Multi-Node Architecture
A single server is a single point of failure and a single IP to block. We deployed across multiple nodes with automatic failover:
Client App
│
├─── Node 1 (Primary) — Hong Kong
├─── Node 2 (Failover) — Japan
├─── Node 3 (Failover) — Singapore
└─── Node 4 (Failover) — Germany
Health Check Service (Go)
├── Polls each node every 30s
├── Tests actual protocol connectivity (not just ping)
└── Updates client config endpoint on failure
The health checker tests actual VPN connectivity, not just TCP reachability:
func testNodeConnectivity(node Node) (bool, time.Duration) {
start := time.Now()
// Attempt a real connection through the VPN protocol
client, err := createVlessClient(node)
if err != nil {
return false, 0
}
defer client.Close()
// Make an HTTP request through the tunnel
resp, err := client.Get("https://www.gstatic.com/generate_204")
if err != nil {
return false, 0
}
return resp.StatusCode == 204, time.Since(start)
}A node that accepts TCP connections but has a broken VPN protocol looks healthy to a simple ping check.
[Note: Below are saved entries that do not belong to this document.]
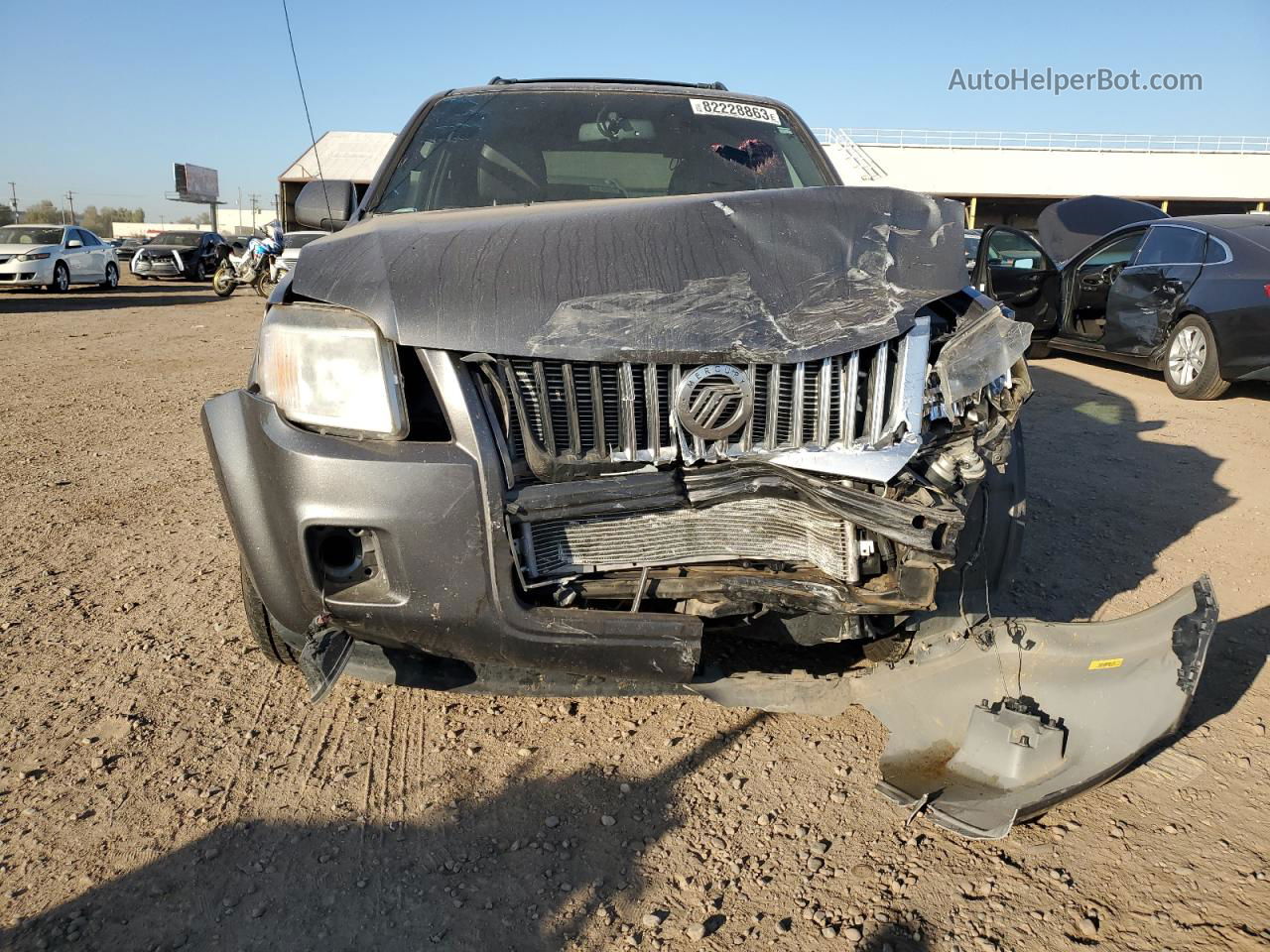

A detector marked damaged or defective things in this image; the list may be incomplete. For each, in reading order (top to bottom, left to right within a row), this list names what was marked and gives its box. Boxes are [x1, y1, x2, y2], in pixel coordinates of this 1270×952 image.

broken headlight [257, 302, 411, 441]
crumpled hood [291, 186, 959, 365]
broken headlight [935, 306, 1031, 409]
crumpled hood [1036, 195, 1163, 265]
damaged gray suv [202, 81, 1213, 842]
detached bumper cover [858, 578, 1213, 837]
Testing the actual protocol is the only reliable health signal.
Handling Thousands of Concurrent Connections
Go's goroutine model is perfectly suited for this workload. Each client connection is a goroutine. The Xray-core engine handles the multiplexing internally, but we still needed to monitor and limit resources:
var (
activeConnections = prometheus.NewGauge(prometheus.GaugeOpts{
Name: "vpn_active_connections",
Help: "Number of active VPN connections",
})
bytesTransferred = prometheus.NewCounterVec(prometheus.CounterOpts{
Name: "vpn_bytes_transferred_total",
}, []string{"direction", "user_tier"})
)
// Middleware that tracks connections
func withMetrics(handler ConnHandler) ConnHandler {
return func(conn net.Conn) {
activeConnections.Inc()
defer activeConnections.Dec()
tracked := &trackedConn{Conn: conn}
handler(tracked)
bytesTransferred.WithLabelValues("upstream", "free").Add(
float64(tracked.bytesRead),
)
}
}Prometheus + Grafana gave us real-time visibility into connection counts, latency, and bandwidth per node.
The Anti-Detection Problem
The GFW runs active probers — when it suspects an IP hosts a proxy, it sends various probes to confirm. A naive Xray setup responds to these probes in a way that confirms suspicion.
The solution is a fallback destination: if an incoming connection doesn't present a valid authentication credential (as our legitimate clients do), fall back to proxying it to a legitimate website:
{
"fallbacks": [{
"dest": "80",
"xver": 0
}],
"inboundTag": "fallback-nginx"
}server {
listen 80;
server_name _;
return 301 https://www.bing.com$request_uri;
}A GFW probe gets redirected to Bing. A legitimate client gets through.
99.9% Uptime in Practice
99.9% uptime means less than 8.7 hours of downtime per year. Achieving this required:
- Automated node provisioning — Ansible playbooks that can spin up a new node in under 5 minutes
- Graceful failover — clients get a configuration endpoint; when a node is unhealthy, the endpoint serves updated configs pointing to healthy nodes
- Zero-downtime deployments — rolling restarts with connection draining
- Monitoring with pages — Grafana alert rules that notify instantly when a node drops below SLA
Building infrastructure that's both high-availability and adversarially resilient was the most technically demanding thing I've worked on. The constraints imposed by operating in hostile network conditions force engineering discipline that benefits any distributed system.